#### Work order:
Nothing but the lines below from the first through the one with "So there he" should appear, printed exactly; please leave pictures out.

Collected data
----
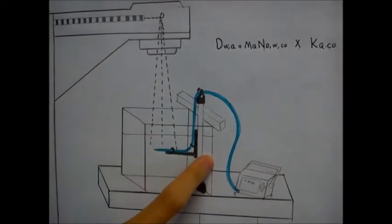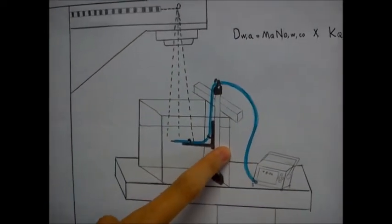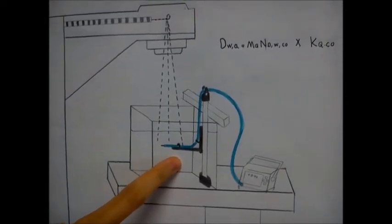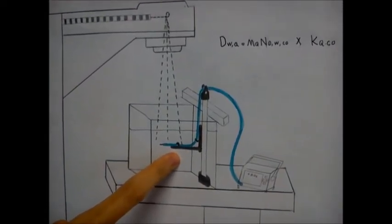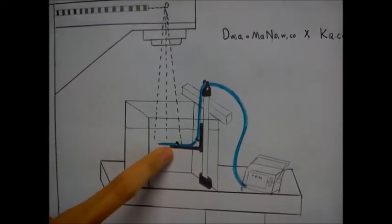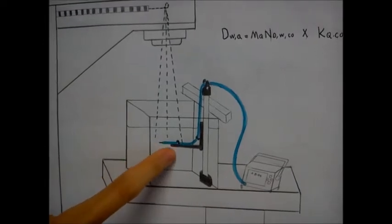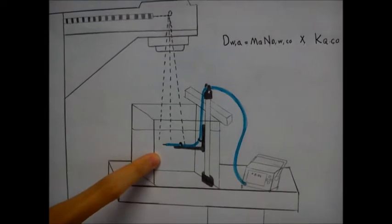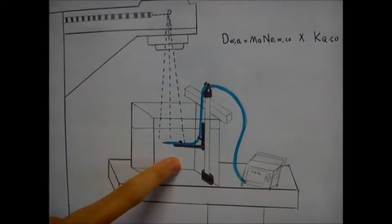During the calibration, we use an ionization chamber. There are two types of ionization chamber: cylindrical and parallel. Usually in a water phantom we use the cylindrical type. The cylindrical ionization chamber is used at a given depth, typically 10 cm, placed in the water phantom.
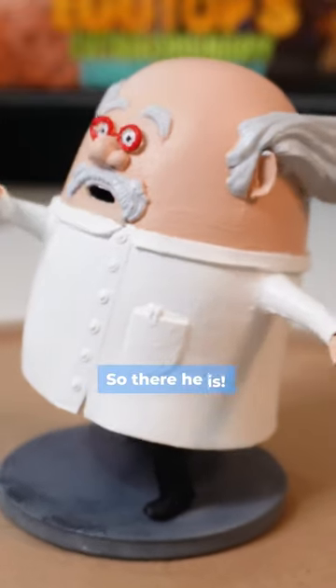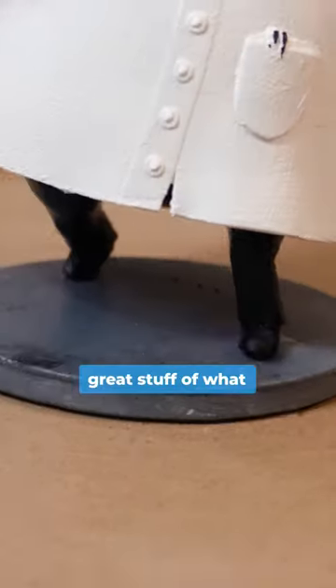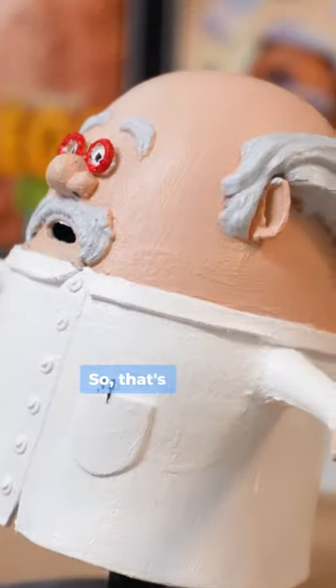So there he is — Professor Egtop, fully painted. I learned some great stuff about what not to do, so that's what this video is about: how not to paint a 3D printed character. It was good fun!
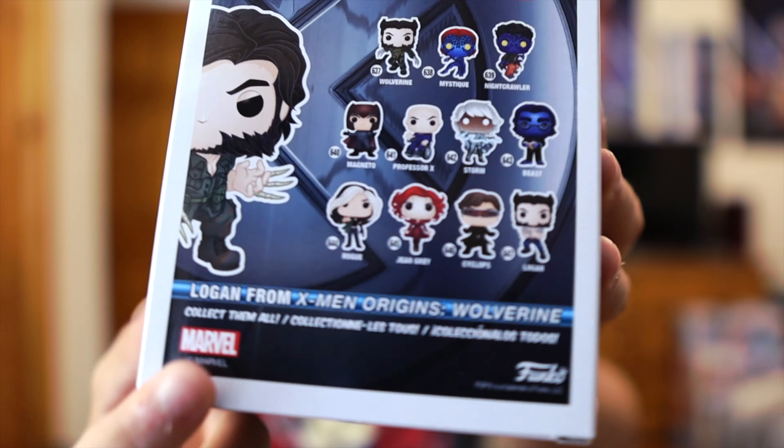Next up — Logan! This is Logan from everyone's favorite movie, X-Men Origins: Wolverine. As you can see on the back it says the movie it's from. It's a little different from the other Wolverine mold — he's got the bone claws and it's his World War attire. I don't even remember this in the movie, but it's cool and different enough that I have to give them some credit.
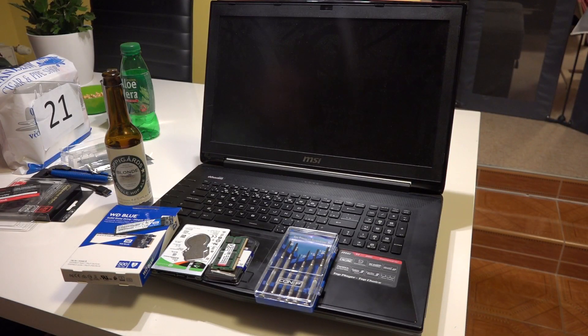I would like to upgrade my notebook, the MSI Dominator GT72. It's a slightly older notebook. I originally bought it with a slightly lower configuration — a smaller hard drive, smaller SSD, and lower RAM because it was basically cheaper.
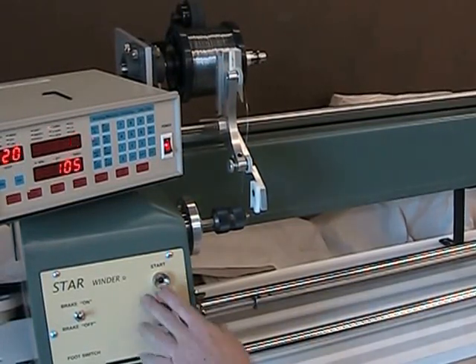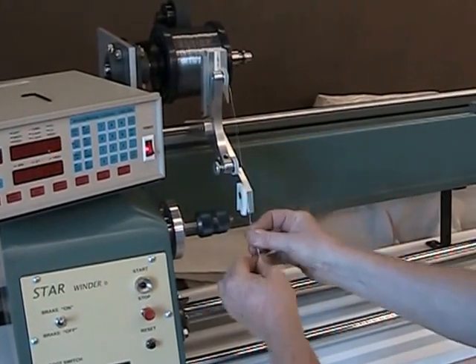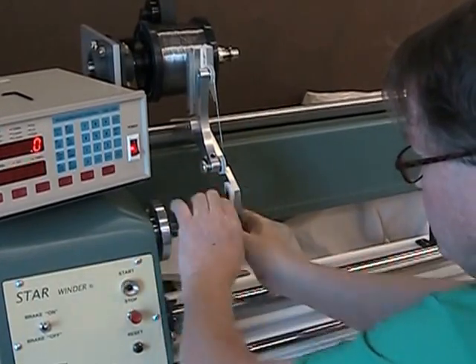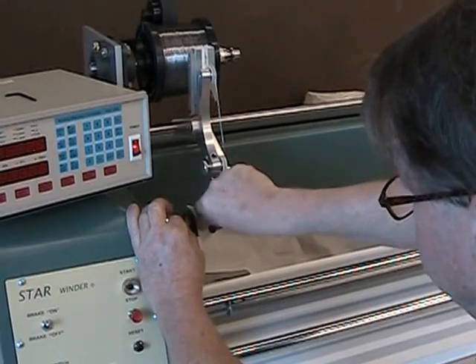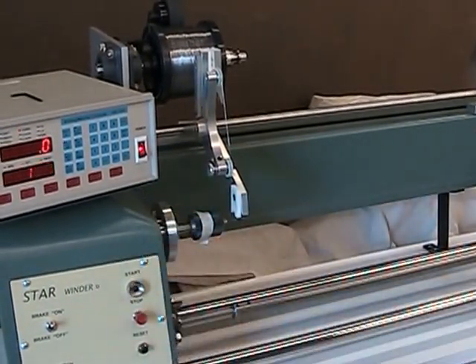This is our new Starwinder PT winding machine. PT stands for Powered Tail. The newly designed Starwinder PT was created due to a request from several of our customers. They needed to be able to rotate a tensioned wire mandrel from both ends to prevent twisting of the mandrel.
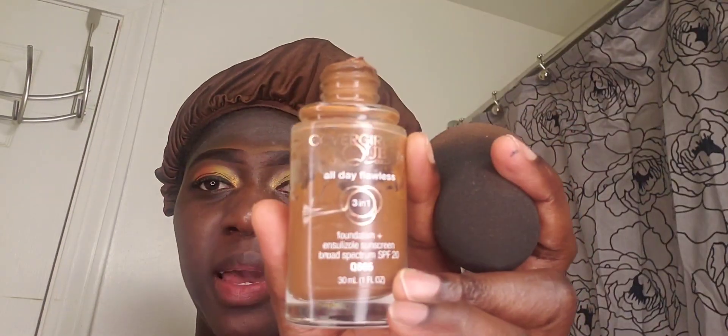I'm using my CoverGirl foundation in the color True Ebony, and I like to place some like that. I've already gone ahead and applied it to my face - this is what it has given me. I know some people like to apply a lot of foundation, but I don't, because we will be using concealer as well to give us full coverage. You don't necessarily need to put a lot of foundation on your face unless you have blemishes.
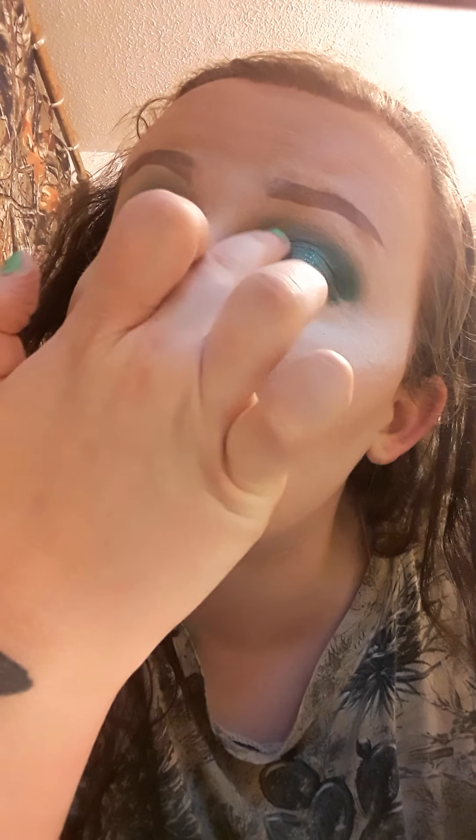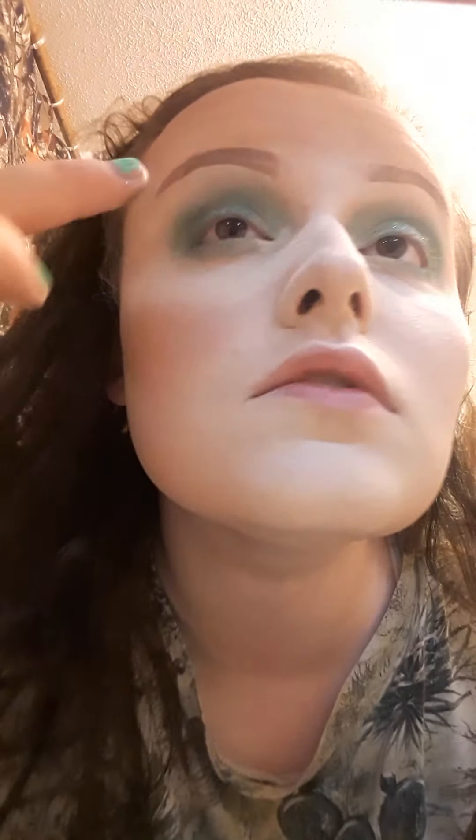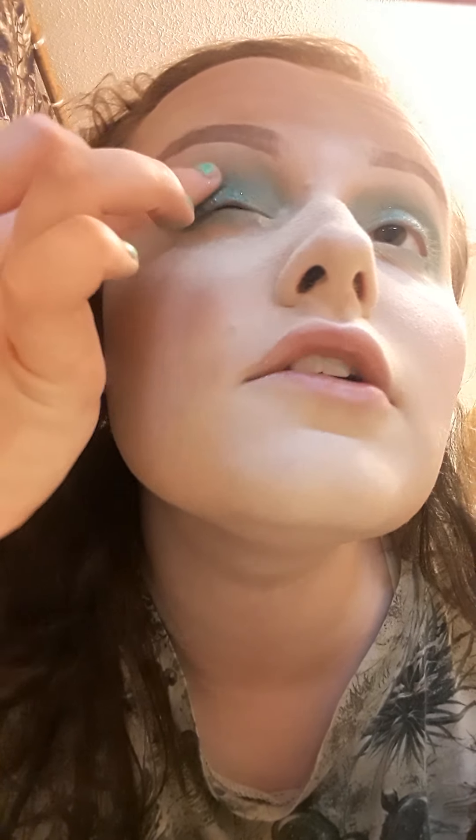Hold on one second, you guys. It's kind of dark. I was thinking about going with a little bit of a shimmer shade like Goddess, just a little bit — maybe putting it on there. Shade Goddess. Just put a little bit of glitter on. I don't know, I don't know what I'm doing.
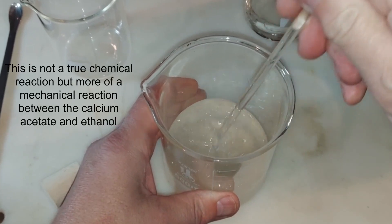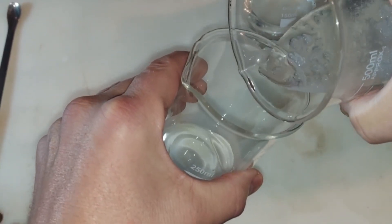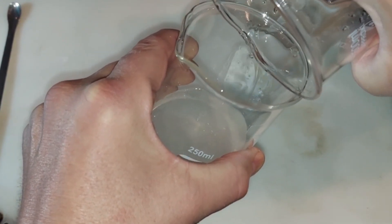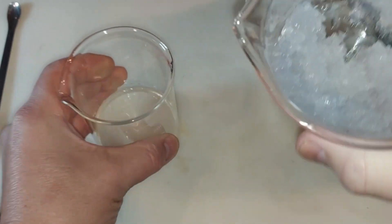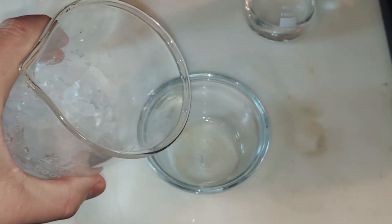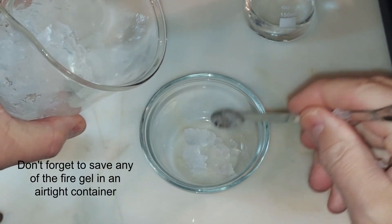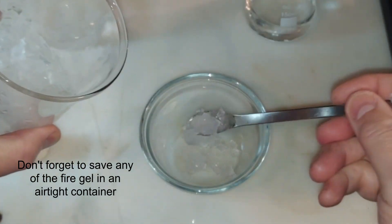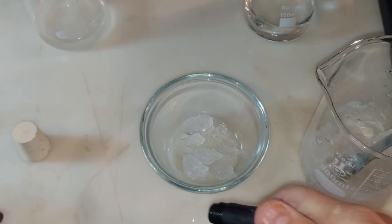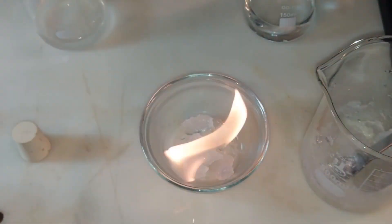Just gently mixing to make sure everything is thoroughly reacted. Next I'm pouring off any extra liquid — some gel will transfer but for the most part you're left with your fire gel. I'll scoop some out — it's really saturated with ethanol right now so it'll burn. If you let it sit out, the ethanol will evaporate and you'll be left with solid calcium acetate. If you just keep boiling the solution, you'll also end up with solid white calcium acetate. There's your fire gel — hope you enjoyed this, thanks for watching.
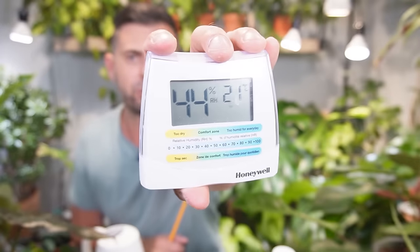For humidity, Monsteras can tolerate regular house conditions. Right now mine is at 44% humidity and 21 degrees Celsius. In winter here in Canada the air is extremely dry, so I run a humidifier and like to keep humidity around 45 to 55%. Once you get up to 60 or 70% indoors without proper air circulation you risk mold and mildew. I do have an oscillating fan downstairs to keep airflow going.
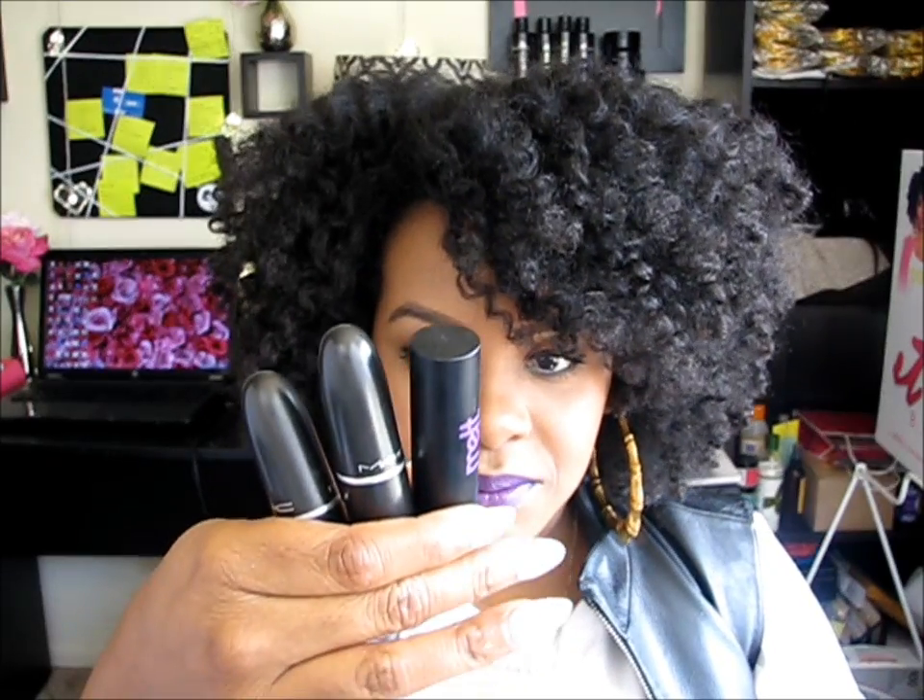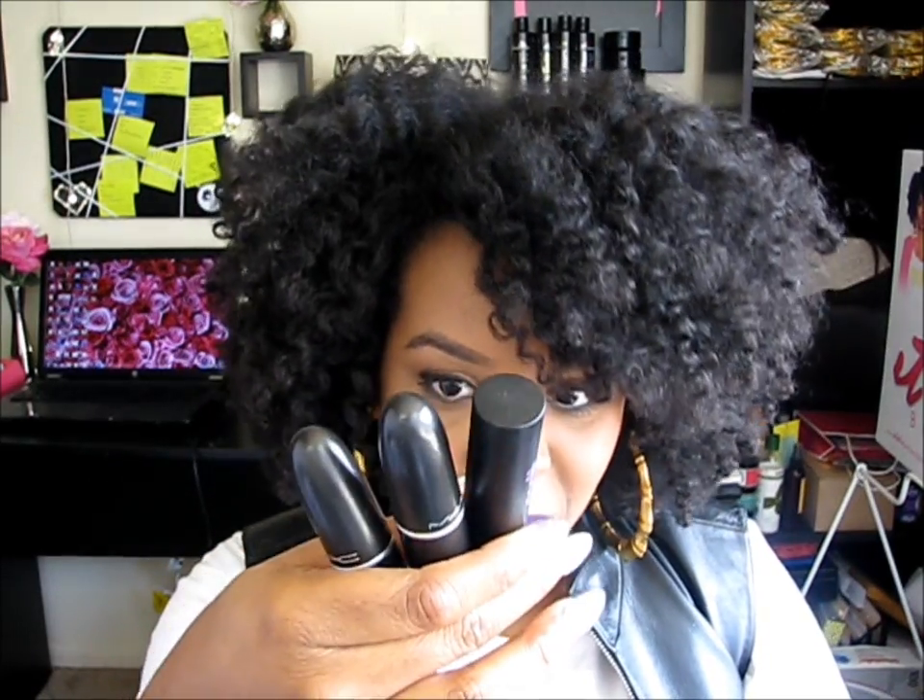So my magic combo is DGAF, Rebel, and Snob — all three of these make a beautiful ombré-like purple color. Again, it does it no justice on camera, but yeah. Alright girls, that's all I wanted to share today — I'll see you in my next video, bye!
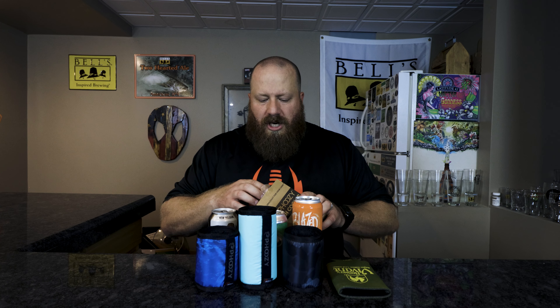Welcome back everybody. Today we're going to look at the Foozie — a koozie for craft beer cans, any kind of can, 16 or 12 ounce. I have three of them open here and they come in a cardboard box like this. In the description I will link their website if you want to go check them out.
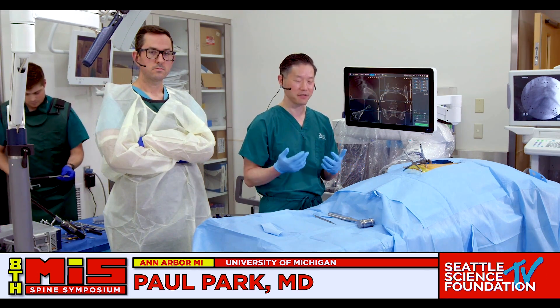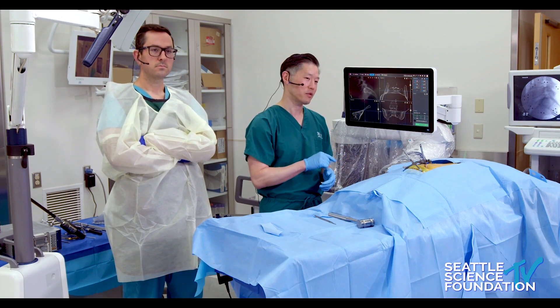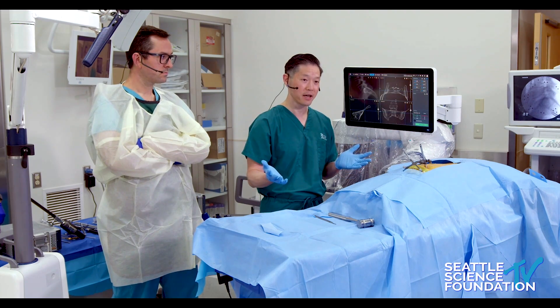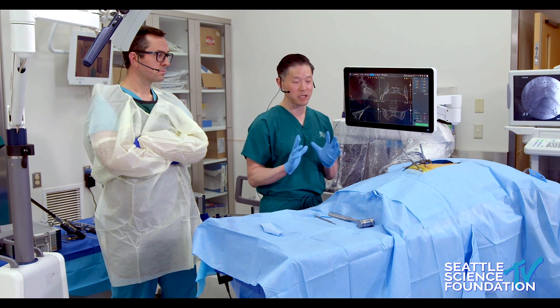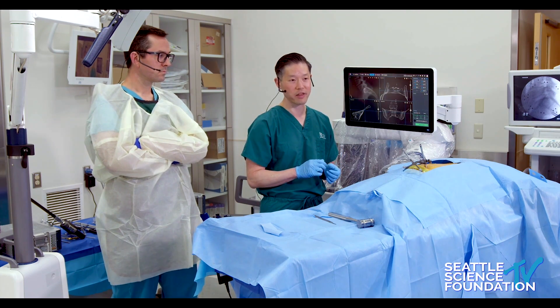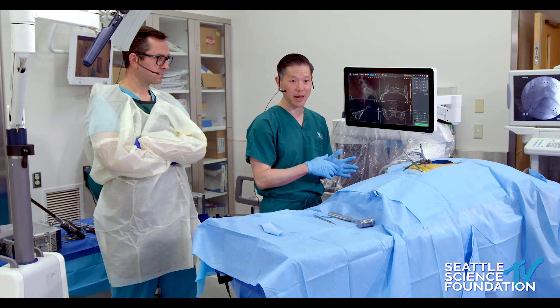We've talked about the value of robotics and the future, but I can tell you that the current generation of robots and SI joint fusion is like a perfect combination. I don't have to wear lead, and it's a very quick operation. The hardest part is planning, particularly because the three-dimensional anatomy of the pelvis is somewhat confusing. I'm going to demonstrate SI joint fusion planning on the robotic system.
----
#### Your solution:
During the calibration, we use an ionization chamber. There are two types of ionization chamber: cylindrical and parallel. Usually in a water phantom we use the cylindrical type. The cylindrical ionization chamber is used at a given depth, typically 10 cm, placed in the water phantom.
So there he is — Professor Egtop, fully painted. I learned some great stuff about what not to do, so that's what this video is about: how not to paint a 3D printed character. It was good fun!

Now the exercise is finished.